An advanced, open-source cricket intelligence SDK powered by DuckDB, PyArrow, and FastAPI for high-performance analytics.
Project description
Midwicket
The Open-Source Cricket Intelligence SDK
Fast, deterministic cricket analytics powered by PyArrow and DuckDB.
The Problem
Processing unstructured sports telemetry is historically a nightmare. Traditional APIs are slow, schemas constantly break, and calculating complex metrics like "venue bias" or "live win probability" across millions of events requires expensive cloud data warehouses.
The Midwicket Solution
Midwicket brings the data warehouse to your laptop. It is a high-performance cricket intelligence SDK built on a structured pipeline architecture: a query planner routes requests between the PyArrow in-memory layer and a materialized DuckDB cache, keeping aggregations fast without cloud costs.

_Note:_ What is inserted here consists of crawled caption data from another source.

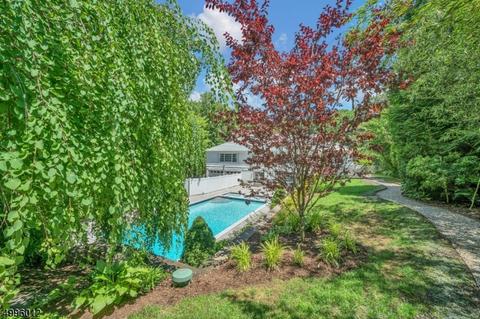 46 Slayton Dr, Millburn Twp., NJ 07078 photo 3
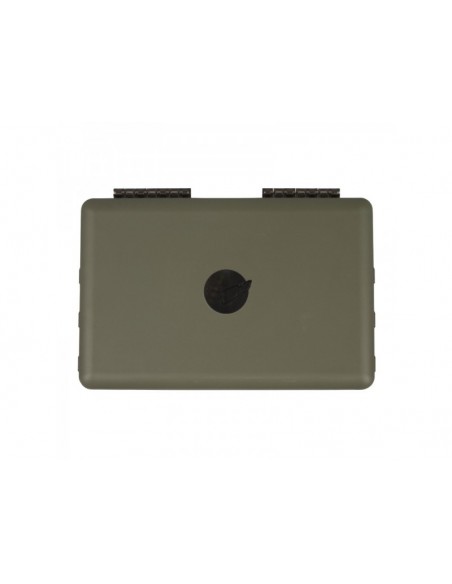 Korda Tackle Box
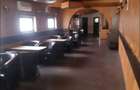 Vand inchiriez spatiu comercial stradal - 4
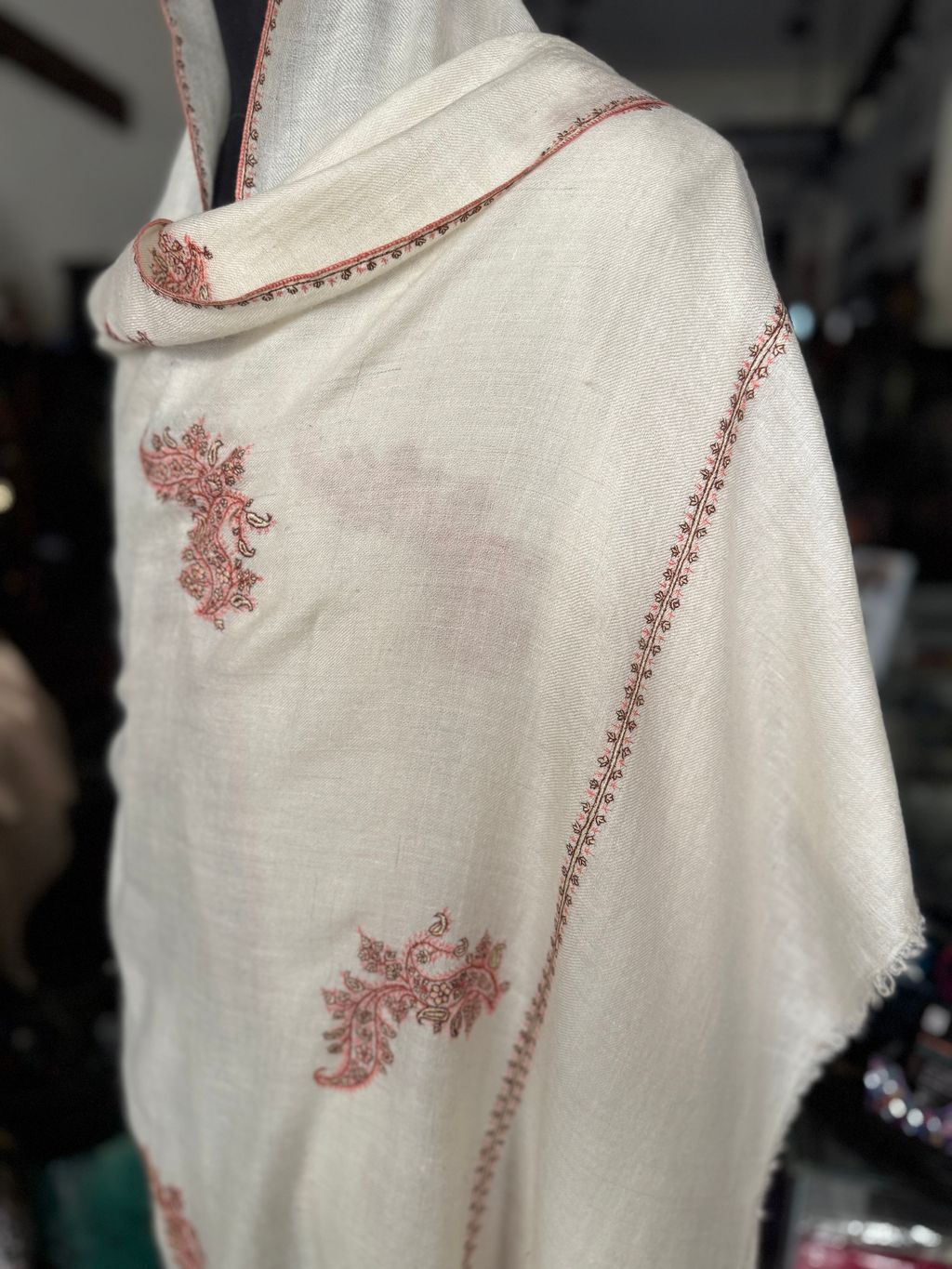 image_0C07653E-3B3D-434B-A360-E877AF76521D_1769681606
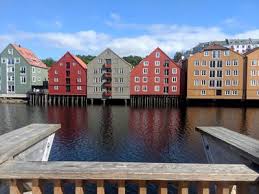 Compare prices on hundreds of flights to norway from malaysia. Cheap Flights To Norway From 274 Kayak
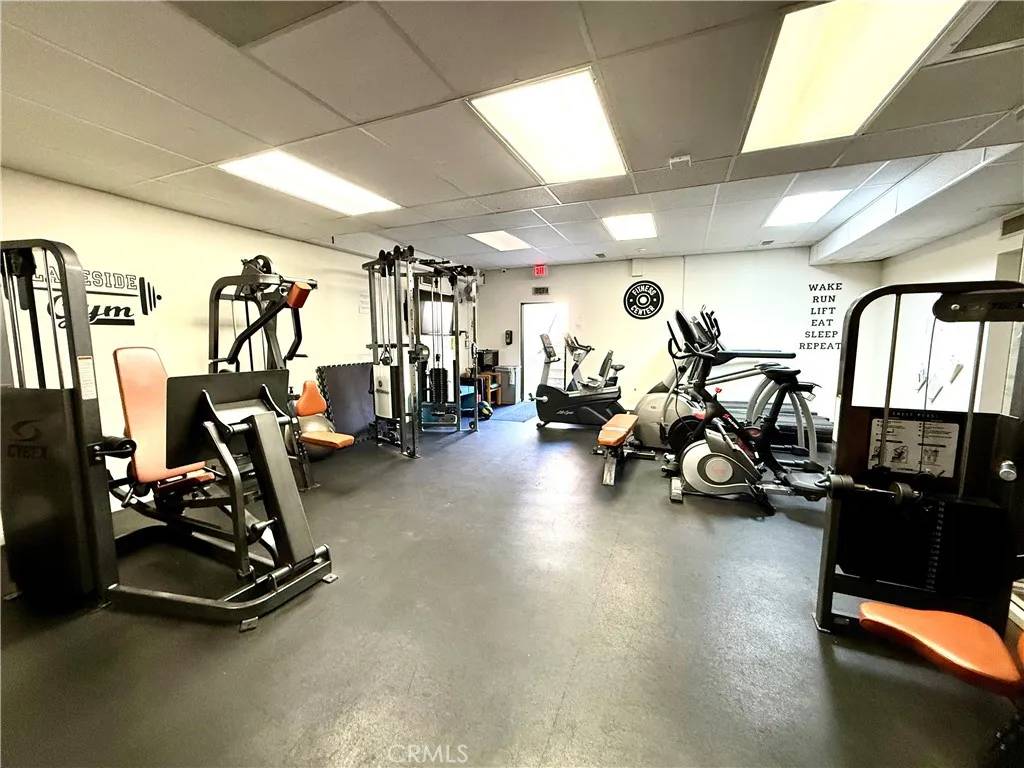 Culver City, CA 90230,4107 Summertime Lane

By leveraging vectorized PyArrow operations and an embedded DuckDB engine, Midwicket processes over 10 years of play-by-play data locally.
Key Capabilities
- Fast Local Queries: PyArrow and DuckDB power sub-second aggregations on cached, materialized views. Raw event scans are available for arbitrary flexibility.
- Pipeline Architecture: Specialized components (Executor, Planner, Storage Engine, Registry) isolate concerns and route queries along the most efficient path.
- Predictive Machine Learning: Logistic regression win probability model trained on IPL data (AUC 0.843), running entirely in memory with no external call.
- Type-Safe & Deterministic: Immutable V1 schemas enforced via Pydantic. Queries are hashed and cached; identical inputs always produce identical outputs.
- FastAPI Backend: Production-ready REST API with auth, rate limiting, CORS, and Prometheus metrics.
Architecture
The Midwicket engine separates concerns across a structured pipeline: incoming data flows from Cricsheet JSON through a PyArrow ingestion layer into a DuckDB cache, where a query planner decides whether to scan raw events or serve a pre-computed view.
graph LR
A[Cricsheet JSON] -->|Ingestion| B(PyArrow Pipeline)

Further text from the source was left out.